Joaquim era maquinista do pequeno comboio que transportava veraneantes da aldeia turística à praia do Barril, na ilha de Tavira. Um quilómetro e meio pelo sapal dourado.
Em tempos aquele fora o transporte dos homens que iam à faina do atum. Faziam campanhas de meses seguidos no Arraial do Barril.
Há muito o atum abandonara estas águas. Restara uma floresta de âncoras enterradas no areal olhando, saudosas, o mar e um casario branco onde antes pernoitavam pescadores, agora poiso de turistas no hamburger de ocasião.

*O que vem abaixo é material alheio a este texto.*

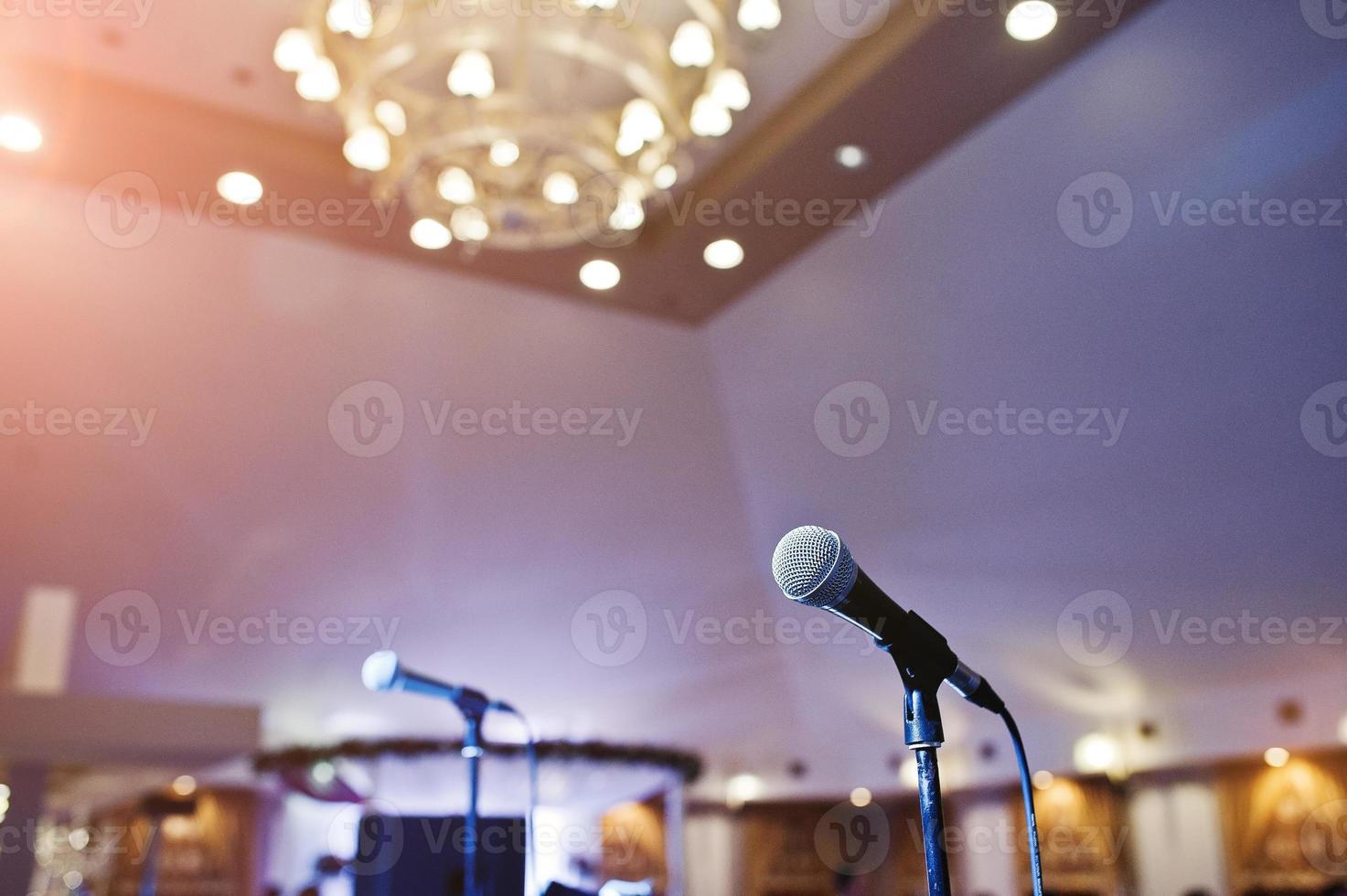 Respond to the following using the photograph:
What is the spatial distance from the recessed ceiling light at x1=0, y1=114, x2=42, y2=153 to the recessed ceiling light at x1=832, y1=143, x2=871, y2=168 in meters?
3.37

Joaquim entra na pequena locomotiva. Senta-se de lado no seu banquinho em frente das duas alavancas. Ao lado, um volante para inverter a marcha. Saia de cinco em cinco minutos. Demorava dez minutos no trajecto. Devagar, devagarinho. Depois voltava em marcha-atrás. No final do dia teria feito mais de duzentas viagens. Cerca de trezentos quilómetros.

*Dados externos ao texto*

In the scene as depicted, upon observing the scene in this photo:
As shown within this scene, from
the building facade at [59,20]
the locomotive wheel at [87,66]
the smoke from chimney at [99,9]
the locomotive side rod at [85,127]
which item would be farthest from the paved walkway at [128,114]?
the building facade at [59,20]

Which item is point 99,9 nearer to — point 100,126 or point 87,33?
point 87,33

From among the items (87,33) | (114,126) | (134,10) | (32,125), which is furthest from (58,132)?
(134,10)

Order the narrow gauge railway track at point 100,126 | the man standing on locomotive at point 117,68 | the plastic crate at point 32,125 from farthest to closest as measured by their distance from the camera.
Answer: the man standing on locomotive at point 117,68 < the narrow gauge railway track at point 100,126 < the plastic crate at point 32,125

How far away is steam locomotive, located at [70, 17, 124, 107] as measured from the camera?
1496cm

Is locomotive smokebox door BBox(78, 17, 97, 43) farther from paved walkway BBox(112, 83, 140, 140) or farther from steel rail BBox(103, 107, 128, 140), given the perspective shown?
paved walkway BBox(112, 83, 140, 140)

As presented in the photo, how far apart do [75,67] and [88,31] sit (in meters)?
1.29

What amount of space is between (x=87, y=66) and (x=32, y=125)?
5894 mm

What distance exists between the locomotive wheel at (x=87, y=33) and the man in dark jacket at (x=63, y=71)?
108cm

Os primeiros turistas chegam pelas nove horas. Atravessam a estreita ponte levadiça que une as margens da ria e instalam-se nos bancos de madeira das quatro carruagens abertas. São casais jovens ainda ensonados que empurram carrinhos de bebés aproveitando o oblíquo sol da manhã.
Joaquim acciona a alavanca. O comboio parte devagar, devagarinho. Maré-cheia inundando o sapal como um grande lago, reflectindo o azul do céu na limpidez matinal.
A ilha está deserta. Um cheiro doce de ervas e sal perfuma o ar cálido que o vento se esquecera de soprar. Horizonte trespassado pelo piar perfurante das andorinhas do mar e dos maçaricos reais. Ao longe garças brancas procuram alimento nos buracos das bocas e dos caranguejos violinistas.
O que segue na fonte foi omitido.